Brief descriptive captions

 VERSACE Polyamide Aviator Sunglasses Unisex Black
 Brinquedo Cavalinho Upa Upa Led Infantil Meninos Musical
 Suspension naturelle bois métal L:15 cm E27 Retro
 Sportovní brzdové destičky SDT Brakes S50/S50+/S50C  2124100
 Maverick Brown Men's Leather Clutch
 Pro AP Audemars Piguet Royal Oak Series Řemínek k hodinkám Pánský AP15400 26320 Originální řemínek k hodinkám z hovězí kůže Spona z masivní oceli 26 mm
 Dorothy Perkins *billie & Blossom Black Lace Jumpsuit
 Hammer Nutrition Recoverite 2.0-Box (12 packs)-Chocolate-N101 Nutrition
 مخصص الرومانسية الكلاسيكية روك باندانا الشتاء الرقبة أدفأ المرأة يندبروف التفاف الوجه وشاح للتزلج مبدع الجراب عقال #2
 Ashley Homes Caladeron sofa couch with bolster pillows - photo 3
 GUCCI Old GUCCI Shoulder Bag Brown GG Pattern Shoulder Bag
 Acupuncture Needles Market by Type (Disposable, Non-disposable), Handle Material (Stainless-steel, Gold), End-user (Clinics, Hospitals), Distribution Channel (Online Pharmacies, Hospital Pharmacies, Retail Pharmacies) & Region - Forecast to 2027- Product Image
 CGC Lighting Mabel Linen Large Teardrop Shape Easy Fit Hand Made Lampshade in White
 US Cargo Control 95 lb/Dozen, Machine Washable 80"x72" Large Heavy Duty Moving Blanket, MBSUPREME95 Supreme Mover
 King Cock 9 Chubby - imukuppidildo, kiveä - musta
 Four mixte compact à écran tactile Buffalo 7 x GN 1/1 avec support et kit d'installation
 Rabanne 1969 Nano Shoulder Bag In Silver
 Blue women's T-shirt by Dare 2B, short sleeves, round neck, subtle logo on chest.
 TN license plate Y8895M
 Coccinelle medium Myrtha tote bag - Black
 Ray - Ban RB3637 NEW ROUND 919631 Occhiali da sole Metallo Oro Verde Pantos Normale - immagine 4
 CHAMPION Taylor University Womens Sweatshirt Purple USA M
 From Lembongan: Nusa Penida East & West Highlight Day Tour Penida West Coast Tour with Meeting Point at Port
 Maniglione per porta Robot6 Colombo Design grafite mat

▸ Assignment
The answer should consist of the lines from the first line of the entries through the line with "Hammer Nutrition Recoverite", copied exactly.

▸ The completed task
 VERSACE Polyamide Aviator Sunglasses Unisex Black
 Brinquedo Cavalinho Upa Upa Led Infantil Meninos Musical
 Suspension naturelle bois métal L:15 cm E27 Retro
 Sportovní brzdové destičky SDT Brakes S50/S50+/S50C  2124100
 Maverick Brown Men's Leather Clutch
 Pro AP Audemars Piguet Royal Oak Series Řemínek k hodinkám Pánský AP15400 26320 Originální řemínek k hodinkám z hovězí kůže Spona z masivní oceli 26 mm
 Dorothy Perkins *billie & Blossom Black Lace Jumpsuit
 Hammer Nutrition Recoverite 2.0-Box (12 packs)-Chocolate-N101 Nutrition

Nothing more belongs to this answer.